Work required: One range is to be output from the listing below, exactly as written: the line with "施工图豪华五星酒店单床间装修图cad施工图下载【ID:532056673】" to the line with "Repurpose Compostable Plastic Forks 24 Count", both kept.

Exercise material:

========

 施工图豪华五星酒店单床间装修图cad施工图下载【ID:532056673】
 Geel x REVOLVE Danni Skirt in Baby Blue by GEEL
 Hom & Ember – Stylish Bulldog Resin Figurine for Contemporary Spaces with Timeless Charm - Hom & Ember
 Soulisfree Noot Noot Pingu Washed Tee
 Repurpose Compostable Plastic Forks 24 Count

========

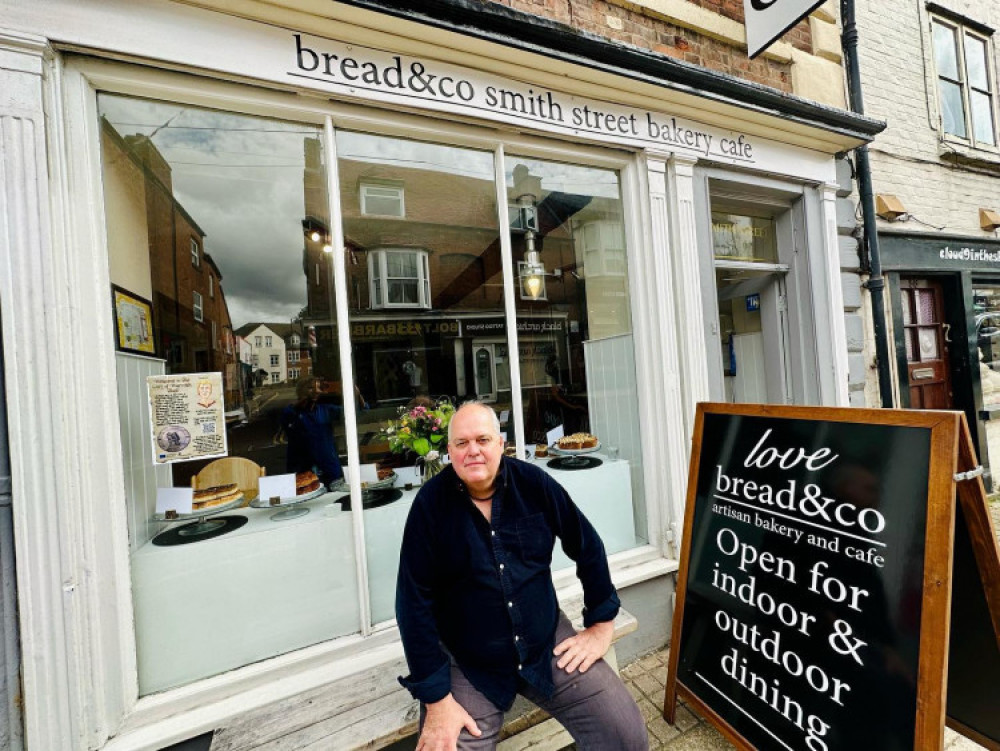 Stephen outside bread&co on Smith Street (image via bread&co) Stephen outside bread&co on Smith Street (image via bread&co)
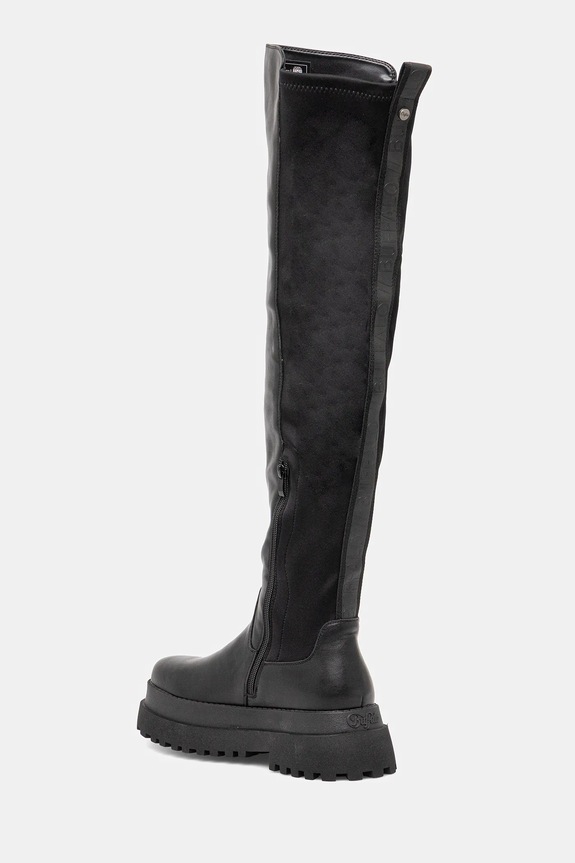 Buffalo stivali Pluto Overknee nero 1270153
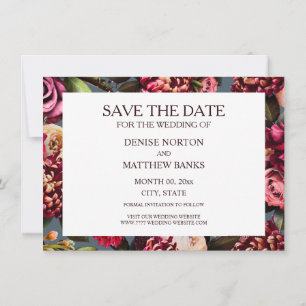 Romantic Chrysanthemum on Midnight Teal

========

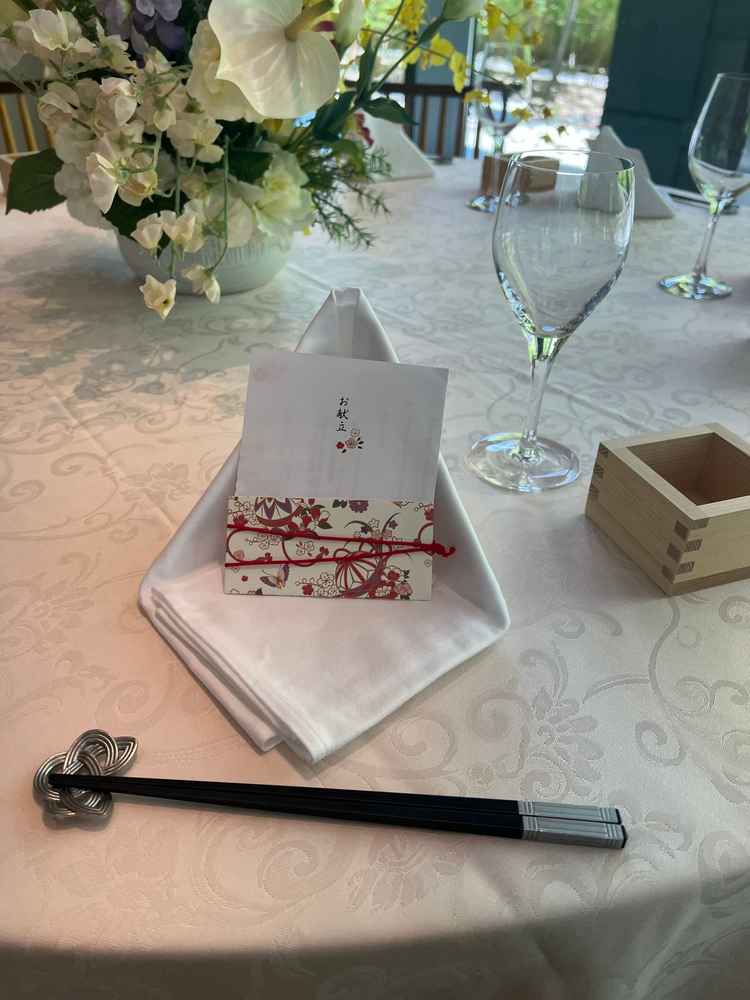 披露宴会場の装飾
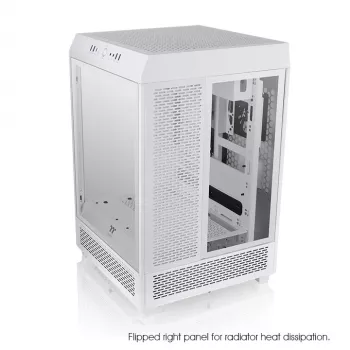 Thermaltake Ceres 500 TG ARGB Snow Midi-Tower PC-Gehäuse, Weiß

========

Task solution:
 施工图豪华五星酒店单床间装修图cad施工图下载【ID:532056673】
 Geel x REVOLVE Danni Skirt in Baby Blue by GEEL
 Hom & Ember – Stylish Bulldog Resin Figurine for Contemporary Spaces with Timeless Charm - Hom & Ember
 Soulisfree Noot Noot Pingu Washed Tee
 Repurpose Compostable Plastic Forks 24 Count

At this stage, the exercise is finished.